China puede parecer diferente, al principio, porque su modelo exportador ha sacado a cientos de millones de personas de la pobreza y ha producido una enorme clase media. Pero China debe su “ventaja comparativa” en el sector manufacturero a instituciones represivas. Los trabajadores chinos tienen pocos derechos y a menudo trabajan en condiciones peligrosas, y el Estado depende de subsidios y crédito barato para apuntalar a sus empresas exportadoras.

Esta no era la ventaja comparativa que Ricardo tenía en mente. En lugar de beneficiar en última instancia a todos, las políticas chinas se produjeron a expensas de los trabajadores estadounidenses, que perdieron sus empleos ante un aumento incontrolado de las importaciones chinas en el mercado estadounidense. La economía china creció, el Partido Comunista de China pudo invertir en un conjunto aún más complejo de tecnologías represivas.

La trayectoria de China no augura nada bueno para el futuro. Puede que todavía no sea un Estado paria, pero su creciente poder económico amenaza la estabilidad global y los intereses estadounidenses. Contrariamente a lo que creían algunos científicos sociales y formuladores de políticas, el crecimiento económico no ha hecho a China más democrática.

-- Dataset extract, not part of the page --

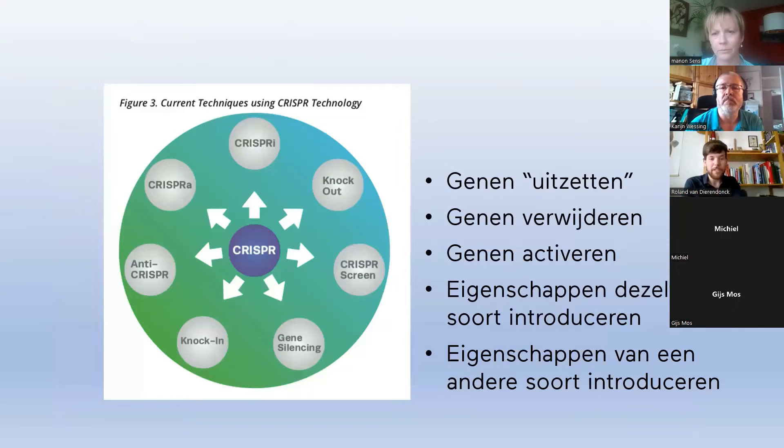With CRISPR technology, a lot of different things are possible. You can cut DNA and introduce new genes, knock out genes — cancel them — delete genes, or activate genes. People are developing one tool that binds to DNA at a specific place and then applying all kinds of new applications. The field of different CRISPR technologies is really blossoming with many new techniques being developed.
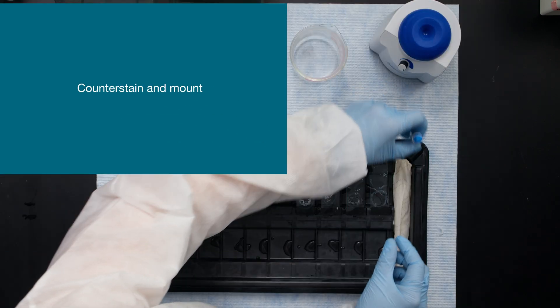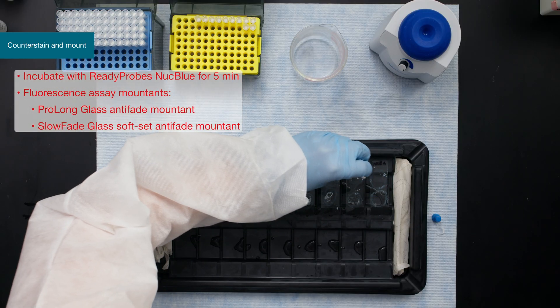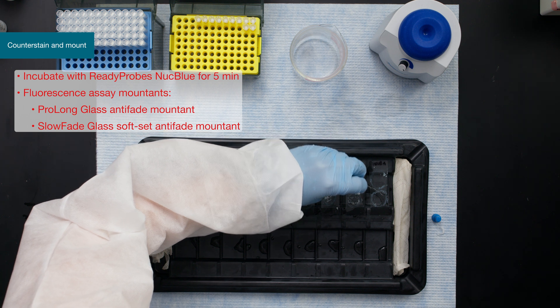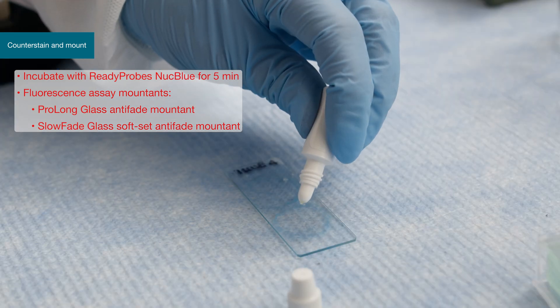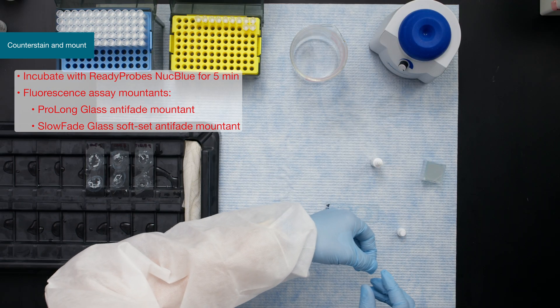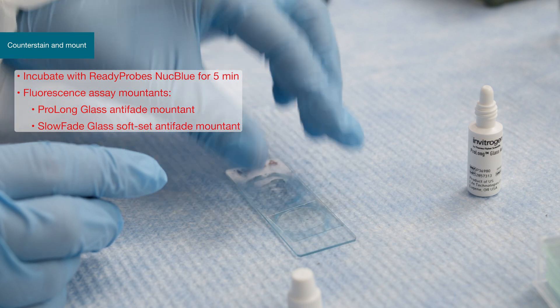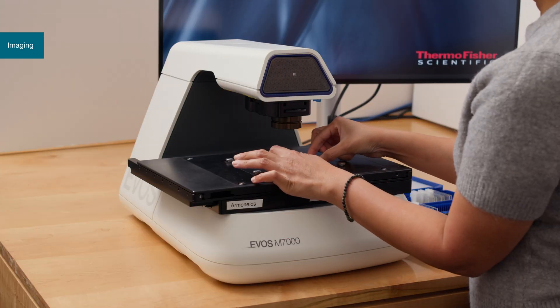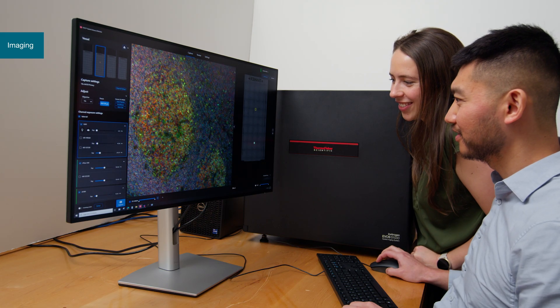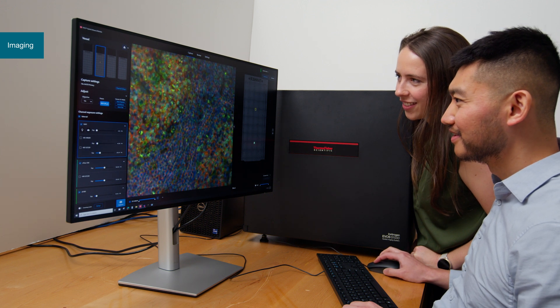Before imaging, perform a nuclear counter stain following standard protocols and proceed to mounting. For this assay, mountants containing anti-fades are highly recommended. Add mountant and carefully place the cover slip over the tissue section. Keep slides protected from light. Finally, your samples are ready to image using a fluorescent microscope. Using the EVOS imaging system, beautiful images can be captured.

Entonces, ¿cómo puede EE UU poner la estabilidad global y a los trabajadores en el centro de la política económica internacional? En primer lugar, se debe disuadir a las empresas estadounidenses de colocar eslabones críticos de la cadena de suministro de manufactura en países como China. El expresidente Jimmy Carter fue ridiculizado durante mucho tiempo por enfatizar la importancia de los derechos humanos en la política exterior estadounidense, pero tenía razón. La única manera de lograr un orden global más estable es garantizar que prosperen los países genuinamente democráticos.

Los empresarios que buscan ganancias no son los únicos culpables. La política exterior estadounidense ha estado plagada de contradicciones durante mucho tiempo, y la CIA a menudo socavaba regímenes democráticos que no estaban en sintonía con los intereses nacionales o incluso corporativos de EE UU. Es esencial desarrollar un enfoque más basado en principios. De lo contrario, las afirmaciones de EE UU de defender la democracia o los derechos humanos seguirán sonando huecas.

En segundo lugar, debemos acelerar la transición hacia una economía neutra en carbono, que es la única manera de quitarles poder a los petro-Estados parias (y resulta que también es buena para crear empleos en EE UU). Pero también debemos evitar cualquier nueva dependencia de China para el procesamiento de minerales críticos u otros insumos verdes clave. Afortunadamente, hay muchos otros países que pueden suministrarlos de manera fiable, incluidos Canadá, México, India y Vietnam.

Finalmente, la política tecnológica debe convertirse en un componente clave de las relaciones económicas internacionales. Si EE UU apoya el desarrollo de tecnologías que benefician al capital sobre la mano de obra (a través de la automatización, la deslocalización y el arbitraje fiscal internacional), estaremos atrapados en el mismo mal equilibrio del último medio siglo. Pero si invertimos en tecnologías que favorezcan a los trabajadores y que generen mayor experiencia y productividad, tenemos una posibilidad de hacer que la teoría de Ricardo funcione como debería.